You can get coffee lake i9 cpu’s that have 8c/16t and are lower cost than their Xeon counterparts. Coffee lake i7 are 8c/8t and are even lower cost. I have a large UNRAID 16c/32t 256GB RAM box and currently running plex in a container. Currently building a HP 290 ($120) [Official] HP 290-p0043w Owner's Thread that comes with a coffee lake dual core 3.2ghz celeron that can encode/decode 21 1080p streams at a very low power draw. I am going to move my plex server to this box and connect via 10G to my UNRAID box for media access. This will allow me to move this currently inefficient CPU bound process off of my unraid box and potentially either move to a more efficient unraid box or use those cores for other tasks.
The i9’s are not really any cheaper than than the Xeon E-2x00 series chips. Also, you’re stuck with dual channel memory and only 16 PCIe lanes. Sure this is all fine if all you need is a simple Plex/storage server and nothing else. But for those of us running VMs (especially with passed through GPUs) and/or want lots of fast storage (NVMe’s), then a desktop series CPU is just not going to cut it. As I said, that works fine for a lot of people who either need just a basic storage server or want to run their services across multiple pieces of hardware. For those who want one high performance all-in-one storage/VM/Media server, a more server level CPU with more cores, memory channels, and PCIe lanes are necessary.
@KC8FLB I also currently run my server on Unraid. I’m running an EPYC 7302p CPU and use a GTX 1660 to do all my transcoding. It can handle 20 1080p transcodes with the latest Turing encoder and rarly uses more than 20-40w even under heavy load.
So I have the following hardware that I will inevitably replace in due time:
A desktop with an i7-4790k + GTX 1080 + 16GB ram,
A minimum specs Dell XPS 13 7590: i5-6200u with a weak iGPU.
Currently I have Plex in a Docker on my Unraid box that is on a E3-1230v2 and a very convenient motherboard for unraid.
Would it be worth at all to transition either the desktop/laptop to offload Plex in the future when I do upgrade them, or just sell them off and get a P2000 or its future equivalent?
Thanks for the guide!
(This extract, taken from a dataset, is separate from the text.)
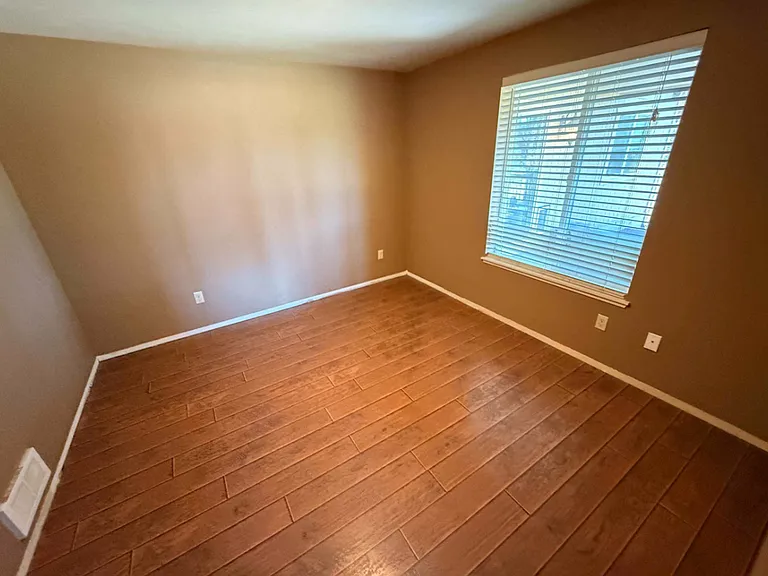 2550 NW Coyner Ave — Photo 9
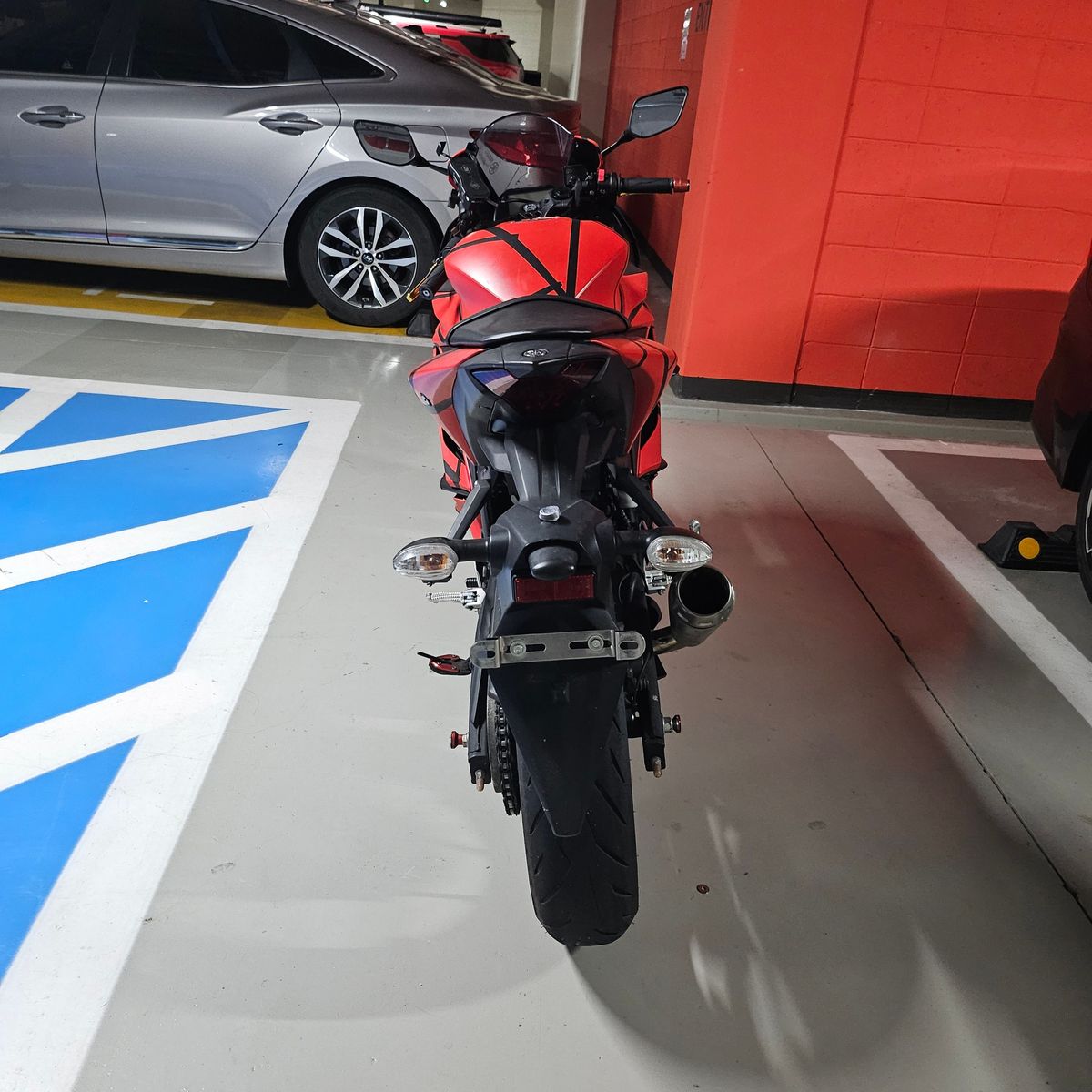 야마하 YZF R3 4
I’ve been using it to much success, but I wanted to convert (optimize) my 4K files for those folks who don’t have the ability to direct stream it. I was going to use the Plex optimize function, but it says “Converted files cannot be written to the server’s disk”.
I’m mounting the directory using the following command:
192.168.1.15:/mnt/user/plex_version /mnt/plex_version nfs defaults,noatime 0 0
Do I need to use a special tag to make it read/write in fstab?
Regardless of your current inability to write to the share, transcoding 4K will strip HDR and cause it to tone map incorrectly. It looks quite awful. It’s better to obtain 1080p content and not share 4K.
Your network share permissions issue is likely unraid based.